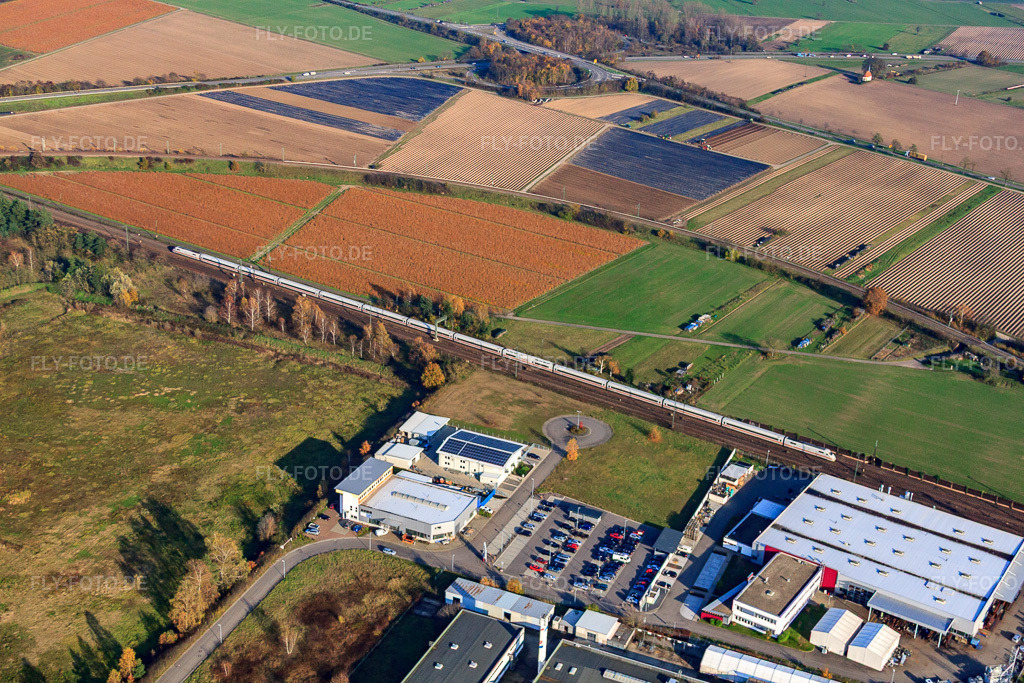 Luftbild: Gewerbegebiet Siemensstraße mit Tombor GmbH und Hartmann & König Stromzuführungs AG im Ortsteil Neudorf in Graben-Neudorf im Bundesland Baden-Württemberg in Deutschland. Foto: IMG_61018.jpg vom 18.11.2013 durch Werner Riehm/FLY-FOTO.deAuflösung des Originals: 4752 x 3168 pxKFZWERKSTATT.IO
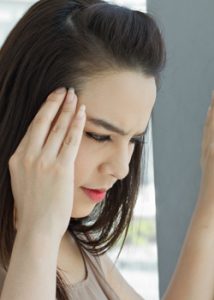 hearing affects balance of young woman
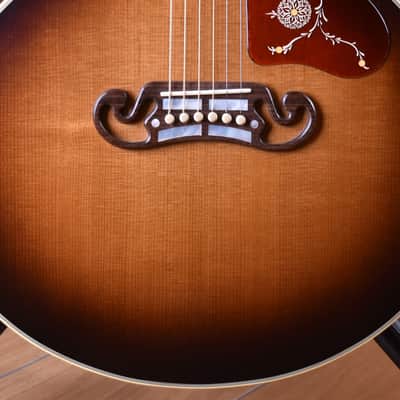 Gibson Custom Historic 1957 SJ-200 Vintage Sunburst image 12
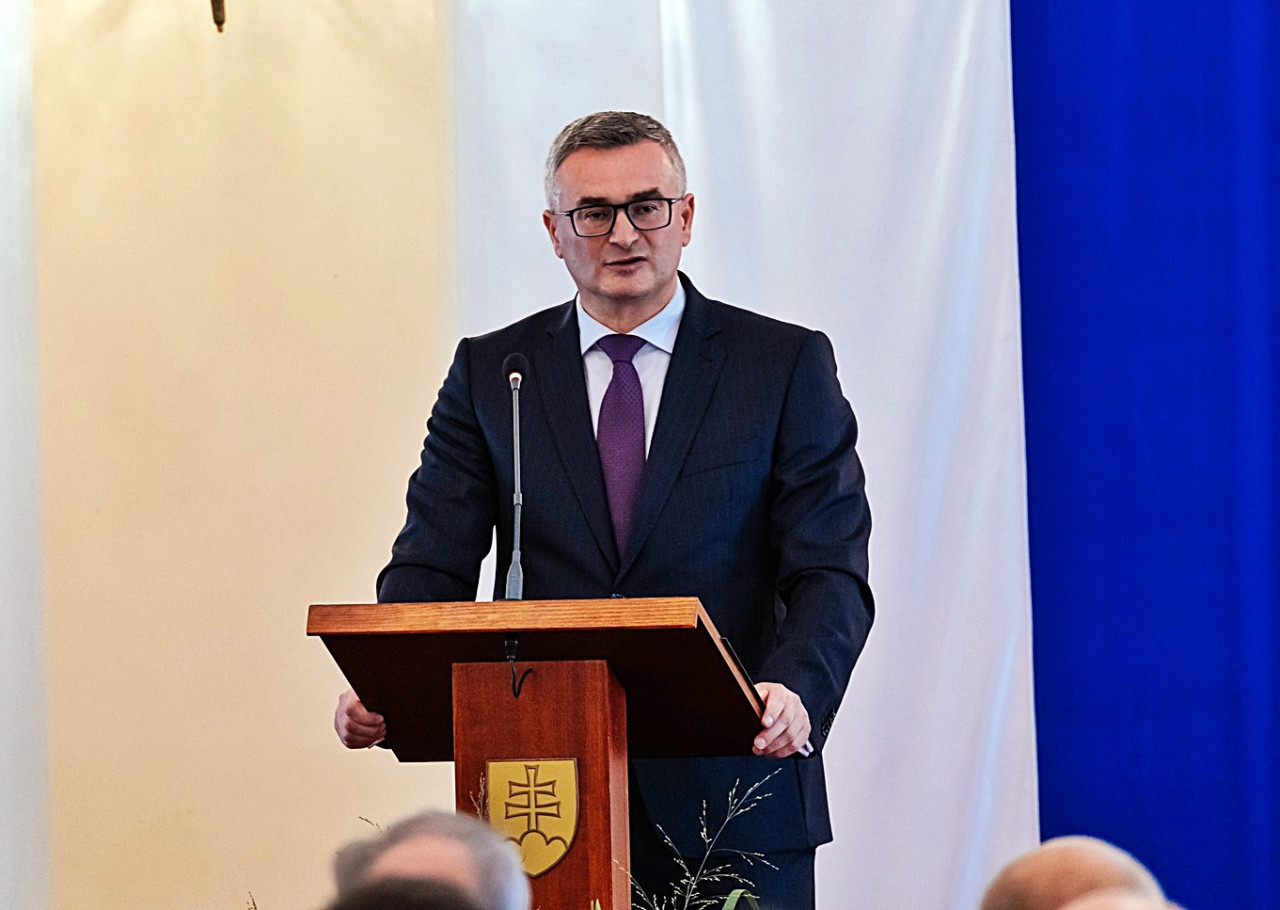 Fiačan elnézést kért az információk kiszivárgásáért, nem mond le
...
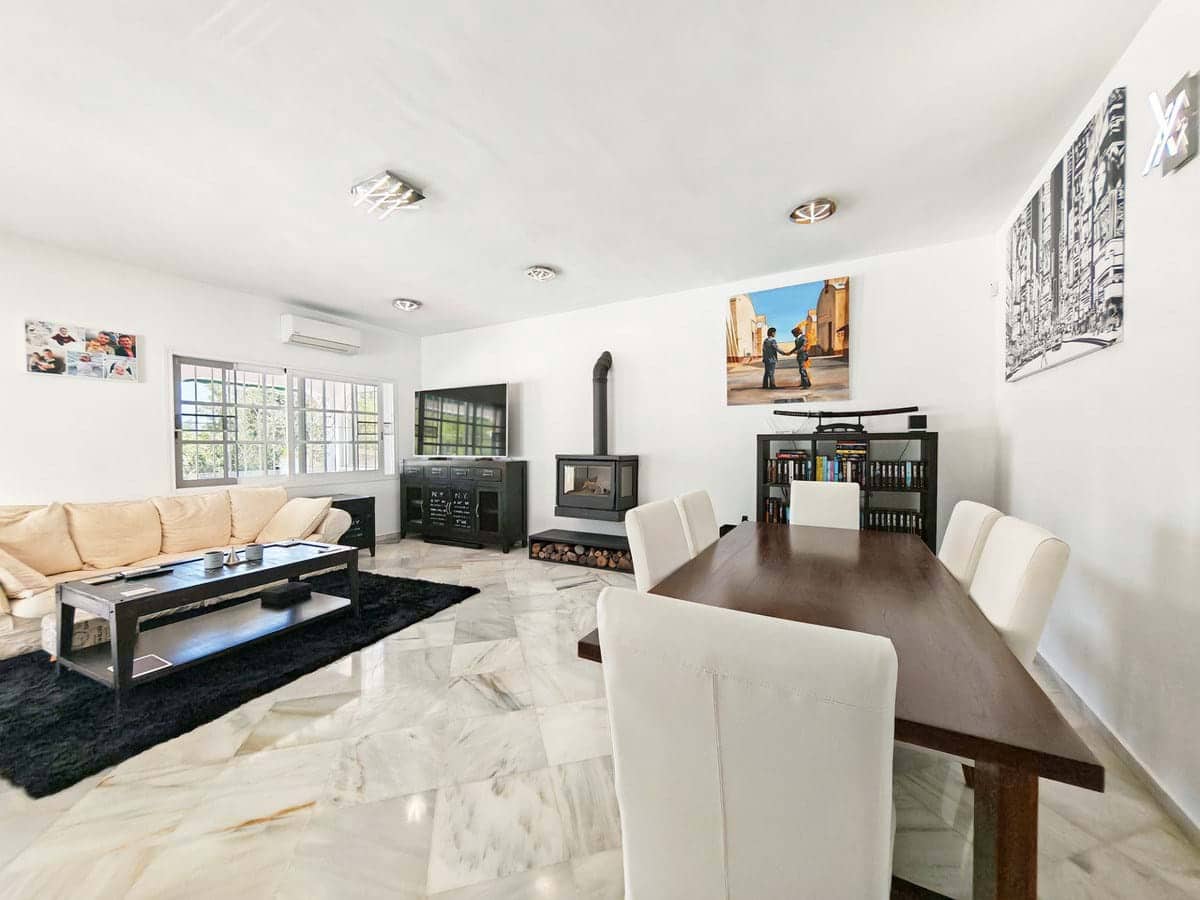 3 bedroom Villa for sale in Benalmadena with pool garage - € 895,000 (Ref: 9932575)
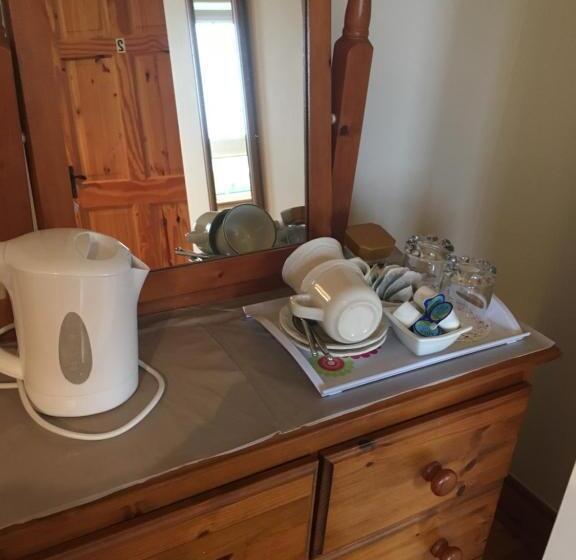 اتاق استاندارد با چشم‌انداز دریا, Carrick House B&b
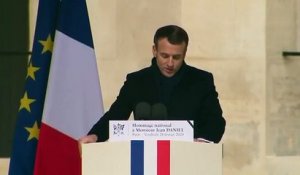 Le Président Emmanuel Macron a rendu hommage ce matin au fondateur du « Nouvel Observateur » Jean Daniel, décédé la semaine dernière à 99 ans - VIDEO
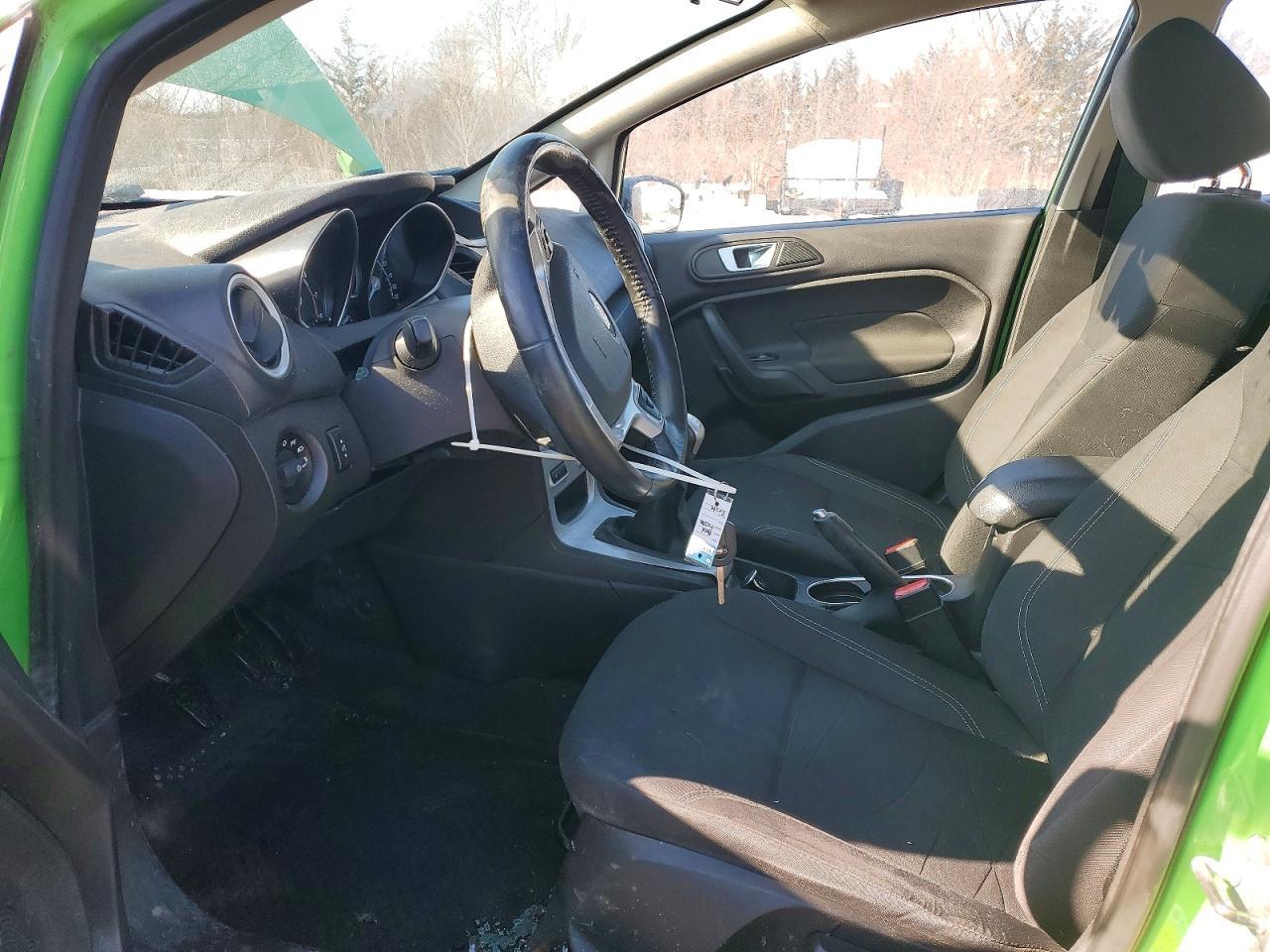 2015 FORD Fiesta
==
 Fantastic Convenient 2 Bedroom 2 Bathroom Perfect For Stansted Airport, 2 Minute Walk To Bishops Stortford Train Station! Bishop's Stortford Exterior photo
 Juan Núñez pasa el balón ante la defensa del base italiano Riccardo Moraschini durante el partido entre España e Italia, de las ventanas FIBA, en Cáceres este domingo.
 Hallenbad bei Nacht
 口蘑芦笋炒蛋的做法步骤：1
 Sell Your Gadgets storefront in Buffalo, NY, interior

What to produce: Restate word for word the lines of the data above that begin at the line with "Luftbild: Gewerbegebiet Siemensstraße" and end at the line with "Fiačan elnézést kért", keeping both ends and dropping every picture.

Finished task:
 Luftbild: Gewerbegebiet Siemensstraße mit Tombor GmbH und Hartmann & König Stromzuführungs AG im Ortsteil Neudorf in Graben-Neudorf im Bundesland Baden-Württemberg in Deutschland. Foto: IMG_61018.jpg vom 18.11.2013 durch Werner Riehm/FLY-FOTO.deAuflösung des Originals: 4752 x 3168 pxKFZWERKSTATT.IO
 hearing affects balance of young woman
 Gibson Custom Historic 1957 SJ-200 Vintage Sunburst image 12
 Fiačan elnézést kért az információk kiszivárgásáért, nem mond le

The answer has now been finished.